I’ve spent years cultivating a new mindset around polarity. Polarity is the beauty of men in their healthy masculine protecting women, and in turn women in their healthy feminine nurturing men. I’ve experienced this in my own life with men I dated, when I melted into my feminine. God, it felt good!! And in turn, the men stepped up and felt better than they’d ever felt as they’d never experienced a woman receiving their masculine energy before - without defensiveness, competition or “I can do it myself!” reaction. It felt like Union in the way it was meant to be.
Lots of women reading this at this point will say: “But there aren’t any good men left who are in their healthy masculine!” I won’t disagree. Generations of shadow conditioning, parenting our boys often without healthily masculine father figures, and mothers entirely separated from their own feminine essence or who over-coddle without teaching them the value of earning, working hard or helping out with chores around the house to cultivate their sense of manhood — all create adult men who don’t feel seen, respected or safe to embrace their masculinity.
However, most men have the latent ability to step into their masculine if the woman in their life opens space for them to do so. Otherwise, when a woman animates her own masculine energy out of distrust of he partner’s masculine energy, he has no space to express his masculine side. He is squashed. We have a generation of squashed men who lack purpose, direction and the desire to step up as a man because of this unhealthy dynamic. This is why it’s so important for women to remember it actually feels good for men to step up into their manhood!

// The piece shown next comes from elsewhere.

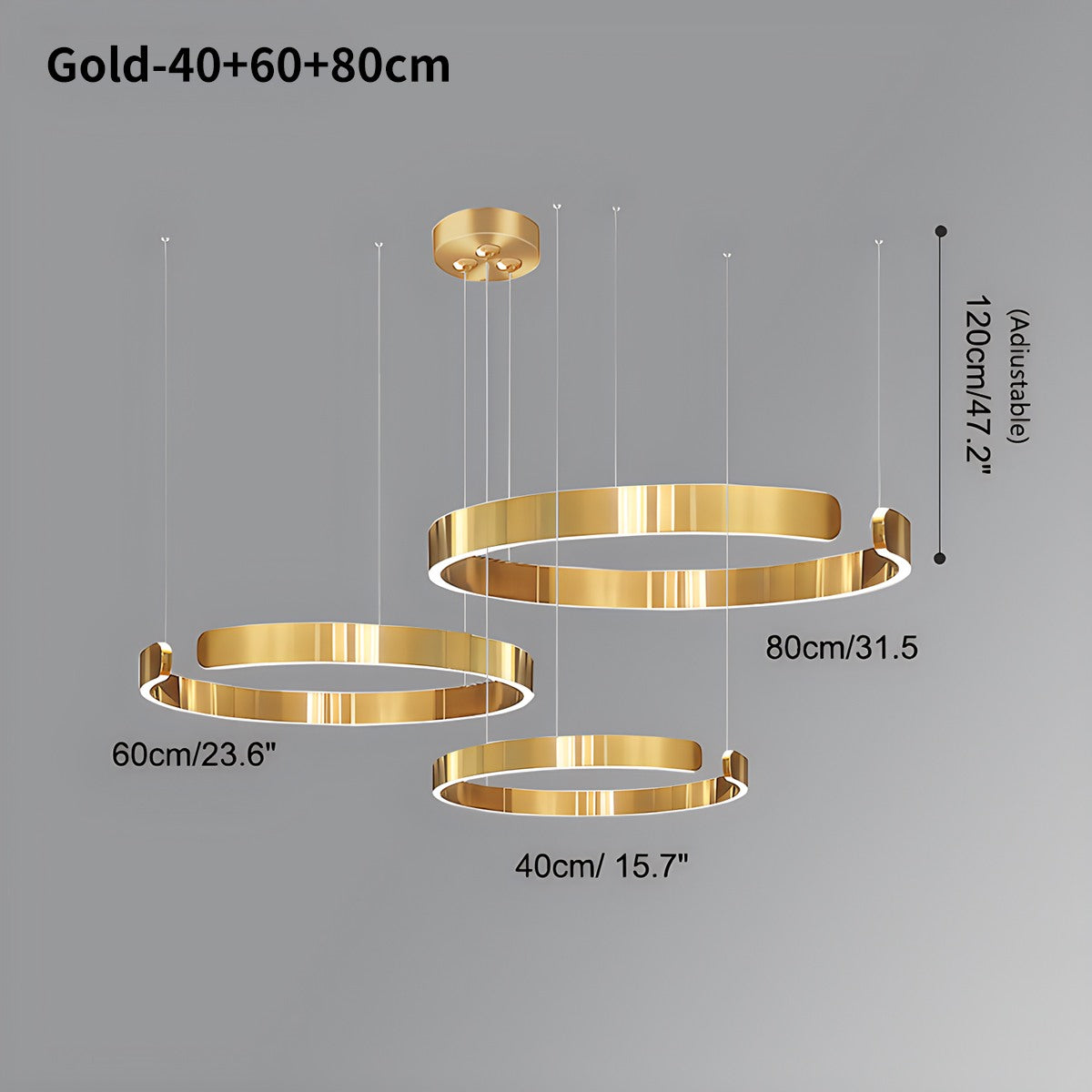 Antizer Modern Ring LED Chandelier for Living Room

I remember when I lived in Sydney, I asked an older man I dated if he could please pick me up from my house for our date. He commented how a woman had never requested he do this before (even through 20 years of marriage!) as Aussie women are aggressively “DIY,” typically offended if a guy suggests something like this which would make them feel “weak.” He said he absolutely loved that I asked and was pleasantly surprised at how amazing it felt to be asked. For every date thereafter, he insisted on picking me up because he loved being my knight in shining armour.
In their deepest core, all men want to be our knight. We just have to open space for them to do so through surrendering and letting down our own masculine armour. It takes the deepest kind of courage to do this, when so many of us women have been let down and taught not to trust the masculine. It feels foreign and uneasy at first. But then when you make it a habit to allow yourself to fold into feminine surrender, it’s the most beautiful thing you could ever experience as a woman. And, the amazing way polarity works is that by default, healthy, protective, strong, masculine men will gravitate towards you as you exist in the polarity of your beautiful, natural, unguarded, healthy feminine energy.